Boosting is a way of learning from past behavior. We are building a sequence of small trees, each of which will use the errors that the previous one did to improve its own performance.

sklearn allows us to implement two versions of the boosting method: AdaBoost and Gradient Boosting. Let's implement AdaBoost as an example, with the documentation [here](https://scikit-learn.org/stable/modules/generated/sklearn.ensemble.AdaBoostClassifier.html#sklearn.ensemble.AdaBoostClassifier).

**TASK**
- You can use the test/training data from earlier
- Implement the AdaBoostClassifier() from sklearn.ensemble for our churn data
- Compare the accuracy and AUC of the model to the random forest from earlier

In [18]:
# YOUR CODE HERE

**OPTIONAL TASK**

Find out how AdaBoost is currently performing and try improving that. You can find the number of currently used trees using the  get_params() argument. What happens when you increase the number of trees?

In [19]:
# YOUR CODE HERE

For me, increasing the number of trees improved neither accuracy, nor AUC are drastically, but AdaBoost performs better than the Random Forest we built.

What does that tell us about our data? There might be observations which are particularly difficult to pinpoint for the tree(s). Booster trees can perform well in such situations by focusing and weighting those mistakes heavier.

### 3.4 Feature importance

For all our models, we can calculate the feature importance. This is the (average) reduction in Gini impurity across all trees.

Feature importance can be an important way of interpreting your results. It's also very interesting to compare this across different methods and understand how different algorithms value different features.


**DEMO**

I will demonstrate how to calculate feature importance for my tree below. You can try this out yourself for different trees and what happens if you change the parameters of your models.

In [20]:
# Random forest - 5 most important features

rf = RandomForestClassifier(n_estimators=20) # build RF with 20 trees
rf.fit(X_train,y_train.values.ravel()) # fit it to training data

for c, column in enumerate(X_test.columns):
    if rf.feature_importances_[c] in sorted(rf.feature_importances_)[-5:]:
        print('Variable',column,rf.feature_importances_[c])

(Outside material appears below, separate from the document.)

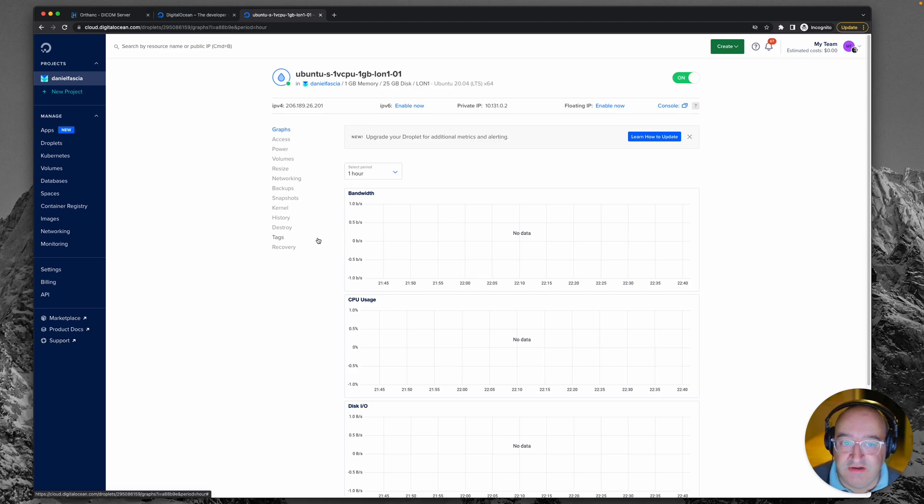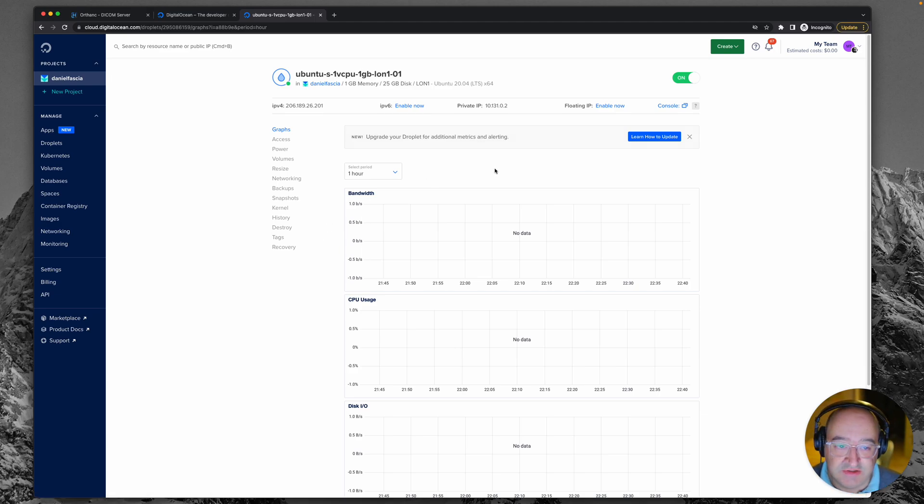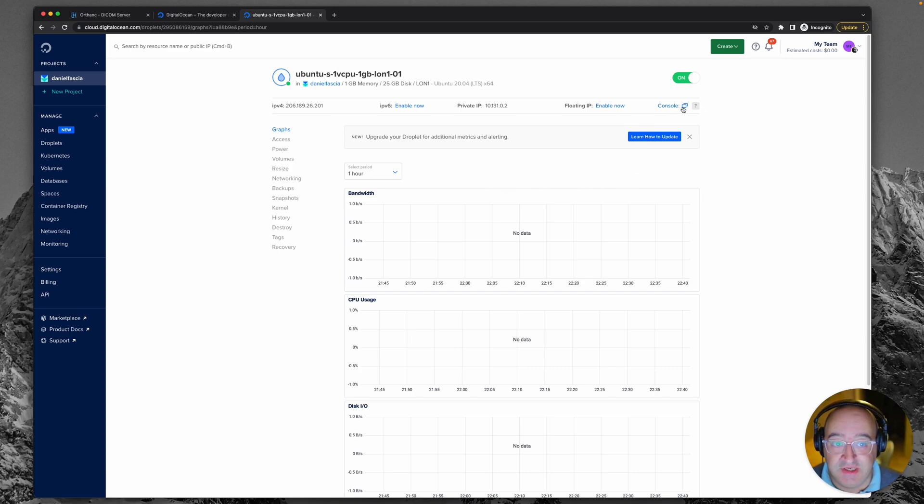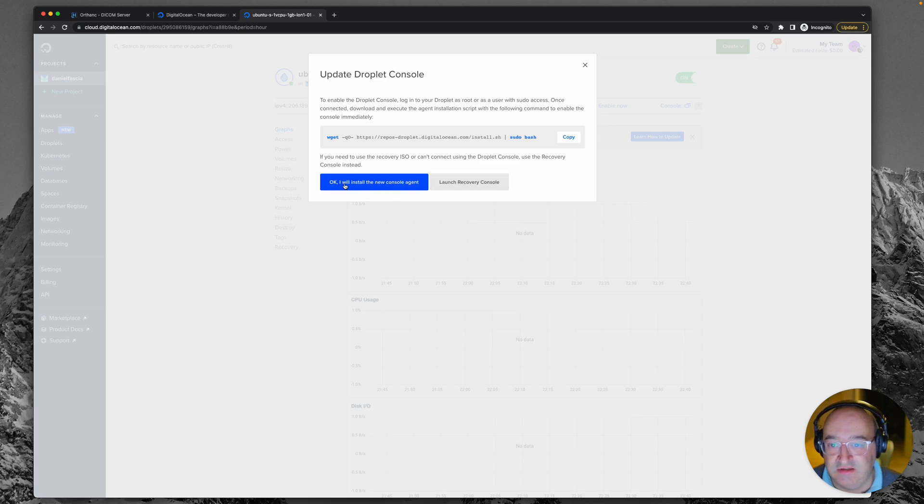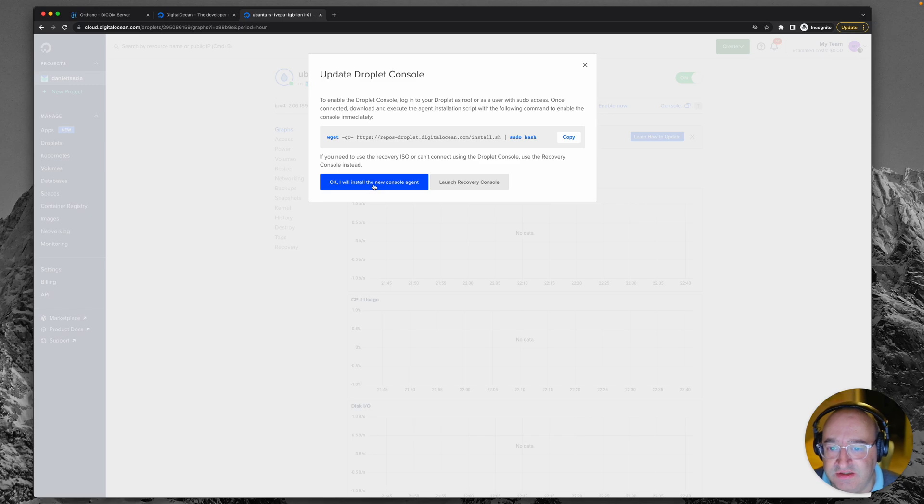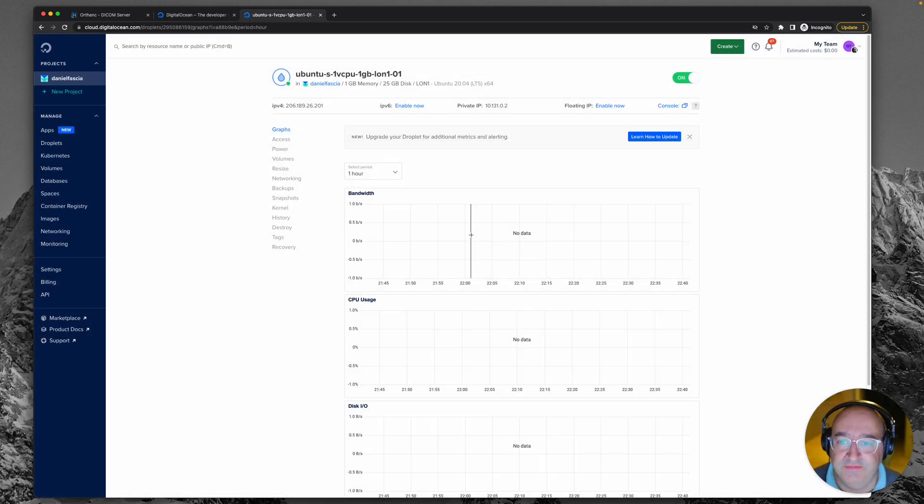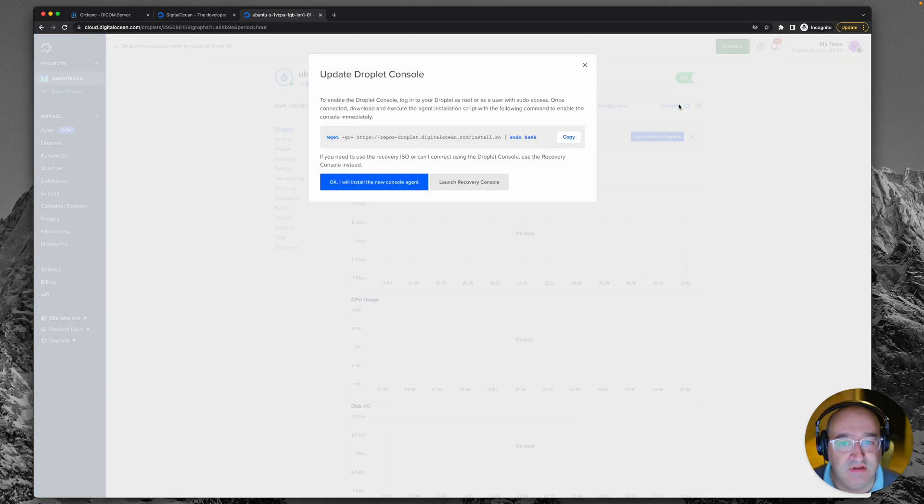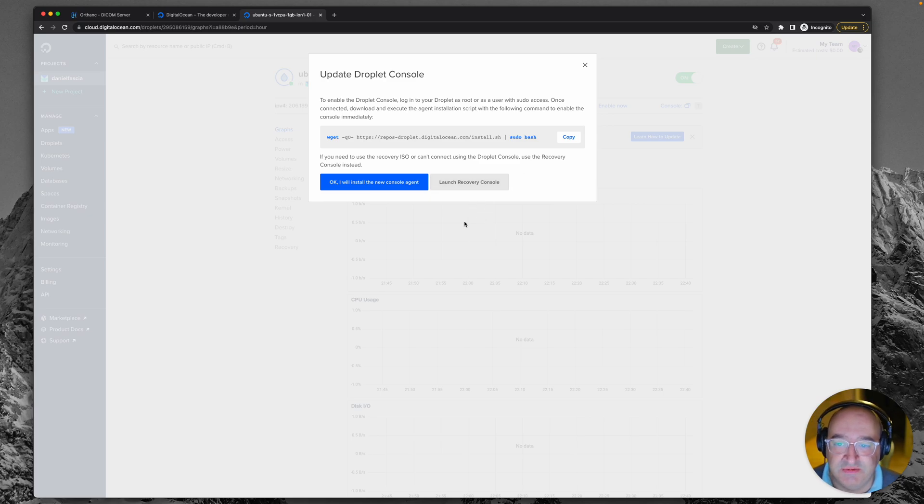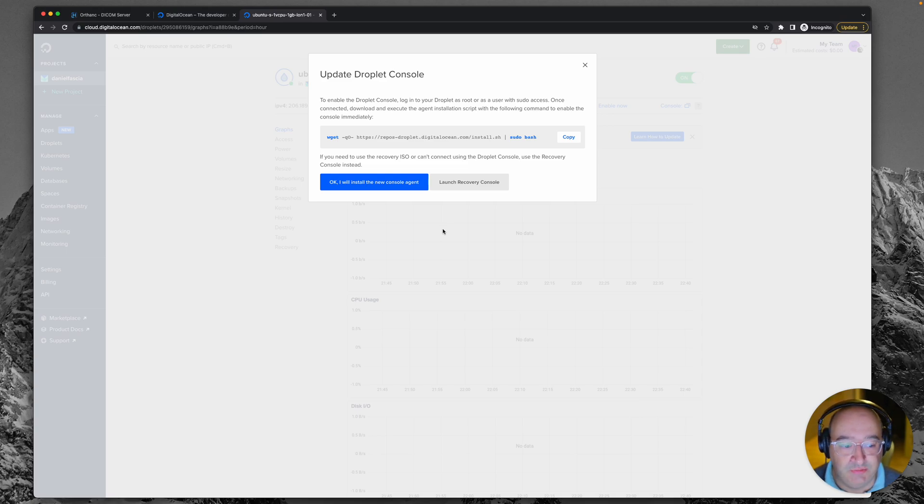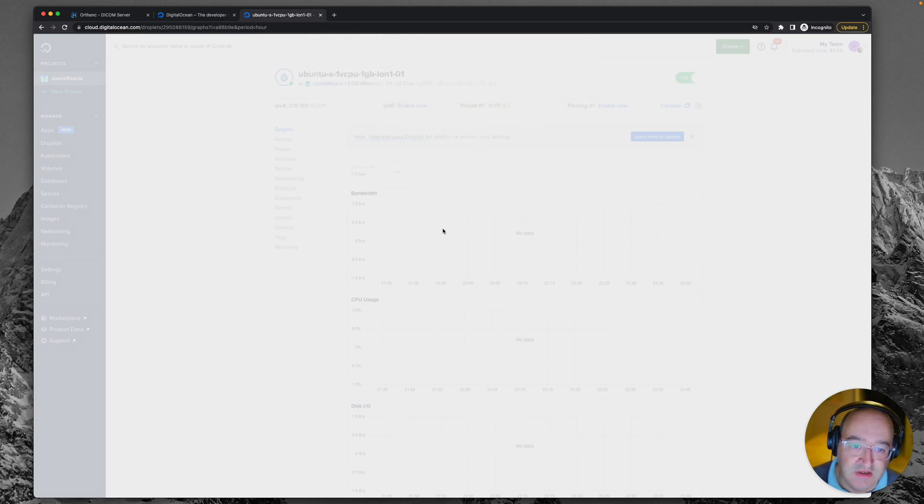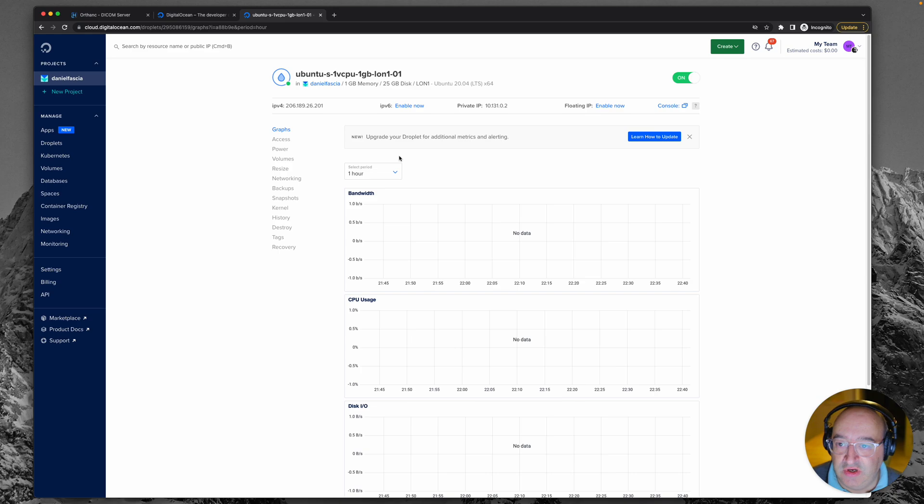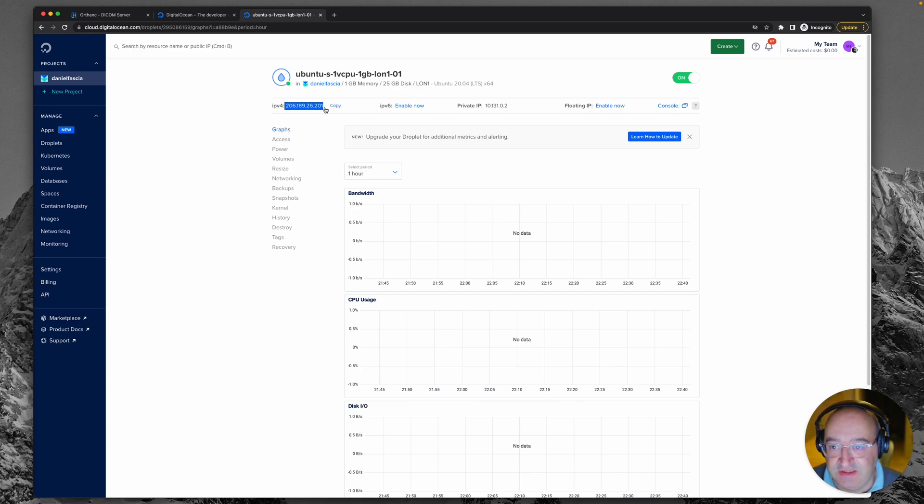So now what we're going to need to do is connect to it. There is a really simple way to connect to it by just clicking console. It's asking us to install the console agent, saying you need to do some mods before you can do that. Let's not do that because I want to show you a much more robust way. You're going to need to make a note of the IP address which is this part here because that is necessary to connect.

NameError: name 'RandomForestClassifier' is not defined

In [None]:
# AdaBoost - 5 most important features

ada = AdaBoostClassifier()
ada.fit(X_train,y_train.values.ravel())

for c, column in enumerate(X_test.columns):
    if ada.feature_importances_[c] in sorted(ada.feature_importances_)[-5:]:
        print('Variable',column,ada.feature_importances_[c])

Variable tenure 0.16
Variable MonthlyCharges 0.26
Variable TotalCharges 0.26
Variable InternetService_Fiber optic 0.06
Variable Contract_Two year 0.04


It seems that both random forests and AdaBoost ahave exactly the same variables driving their Gini impurity down. Mostly the length of tenure, monthly charges, total charges, being connected through fiber and the contract length.

Having both methods value the same features can strengthen our recommendations made to the company.